Tried to get this horn to work with no luck. Cleaned the tabs where the batteries make contact, cleaned the end of the wire coming from the horn, cleaned the little brass tab also. It's obviously missing the little screw on the tab, but I pressed a screw in the hole and still didn't work. Doesn't look terrible inside, so figured its salvageable. First old horn so any tips are appreciated, thanks.


----------



## rusty.kirkpatrick (May 9, 2016)

Couple more


----------



## rustjunkie (May 9, 2016)

Try bypassing the button to see if it's the prob?
I usually have to fiddle with the tone adjustment screw to get 'em to squawk


----------



## rusty.kirkpatrick (May 9, 2016)

rustjunkie said:


> Try bypassing the button to see if it's the prob?
> I usually have to fiddle with the tone adjustment screw to get 'em to squawk



That's the screw on the round horn itself?


----------



## rustjunkie (May 9, 2016)

There's 2 screws on the horn: one that holds it to the bracket and one with a locknut off to the side.
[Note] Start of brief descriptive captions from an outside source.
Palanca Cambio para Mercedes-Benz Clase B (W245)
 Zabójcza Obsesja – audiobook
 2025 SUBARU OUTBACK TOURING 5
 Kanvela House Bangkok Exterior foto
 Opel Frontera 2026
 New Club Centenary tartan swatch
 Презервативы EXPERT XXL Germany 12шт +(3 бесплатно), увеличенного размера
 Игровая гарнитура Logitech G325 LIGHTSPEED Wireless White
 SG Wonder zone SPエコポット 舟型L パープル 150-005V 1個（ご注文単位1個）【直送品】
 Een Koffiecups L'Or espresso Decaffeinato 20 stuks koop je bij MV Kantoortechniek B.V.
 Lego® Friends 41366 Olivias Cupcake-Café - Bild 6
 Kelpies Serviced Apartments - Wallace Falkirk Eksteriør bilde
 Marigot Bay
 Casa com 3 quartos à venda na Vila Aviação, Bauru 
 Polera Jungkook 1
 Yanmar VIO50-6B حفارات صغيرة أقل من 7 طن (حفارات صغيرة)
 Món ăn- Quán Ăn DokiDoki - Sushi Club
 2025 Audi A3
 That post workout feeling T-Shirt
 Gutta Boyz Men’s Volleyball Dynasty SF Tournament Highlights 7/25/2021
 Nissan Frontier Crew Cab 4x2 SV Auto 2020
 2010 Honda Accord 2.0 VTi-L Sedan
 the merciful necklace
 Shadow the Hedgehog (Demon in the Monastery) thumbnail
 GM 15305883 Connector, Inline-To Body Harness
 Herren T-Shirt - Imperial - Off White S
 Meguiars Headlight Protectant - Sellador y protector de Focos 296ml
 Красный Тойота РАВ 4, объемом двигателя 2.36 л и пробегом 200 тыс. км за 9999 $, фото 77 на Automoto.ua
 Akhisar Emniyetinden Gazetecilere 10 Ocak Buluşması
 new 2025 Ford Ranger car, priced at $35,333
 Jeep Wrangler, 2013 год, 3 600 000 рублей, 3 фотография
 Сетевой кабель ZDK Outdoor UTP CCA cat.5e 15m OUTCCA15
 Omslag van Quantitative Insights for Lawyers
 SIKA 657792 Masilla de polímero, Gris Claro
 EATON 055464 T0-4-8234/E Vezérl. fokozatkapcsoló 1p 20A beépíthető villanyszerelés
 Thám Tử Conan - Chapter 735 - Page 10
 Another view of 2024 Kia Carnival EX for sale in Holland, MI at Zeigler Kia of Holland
This one adjusts the tone and can prevent the horn from sounding if out of adjustment.


----------



## rusty.kirkpatrick (May 9, 2016)

rustjunkie said:


> There's 2 screws on the horn: one that holds it to the bracket and one with a locknut off to the side. This one adjusts the tone and can prevent the horn from sounding if out of adjustment.



Thanks, will try again tomorrow.


----------



## rustjunkie (May 9, 2016)

Any tips @the tinker ?


----------



## the tinker (May 9, 2016)

QUOTE="rustjunkie, post: 570702, member: 38673"]Any tips @the tinker ?[/QUOTE]
Honestly, I have never thought about horns that much. When I read your reply on the "tone" adjustment I just said to myself "Man ya learn something everyday" Good call Scott.
The reason I don't think about if the horn works or not is I never use them. Don't put batteries in them because I am afraid I might forget about them and destroy a tank.


----------



## rustjunkie (May 9, 2016)

the tinker said:


> The reason I don't think about if the horn works or not is I never use them. Don't put batteries in them because I am afraid I might forget about them and destroy a tank.




Ditto! Lights too


----------



## hellshotrods (May 10, 2016)

get a new horn, stick it in there, nobody will know once the tank is on.


----------



## halfatruck (May 11, 2016)

this is an old thread on repair.............
http://thecabe.com/vbulletin/showth...e-Thread-on-Horn-Repair&highlight=horn+repair


----------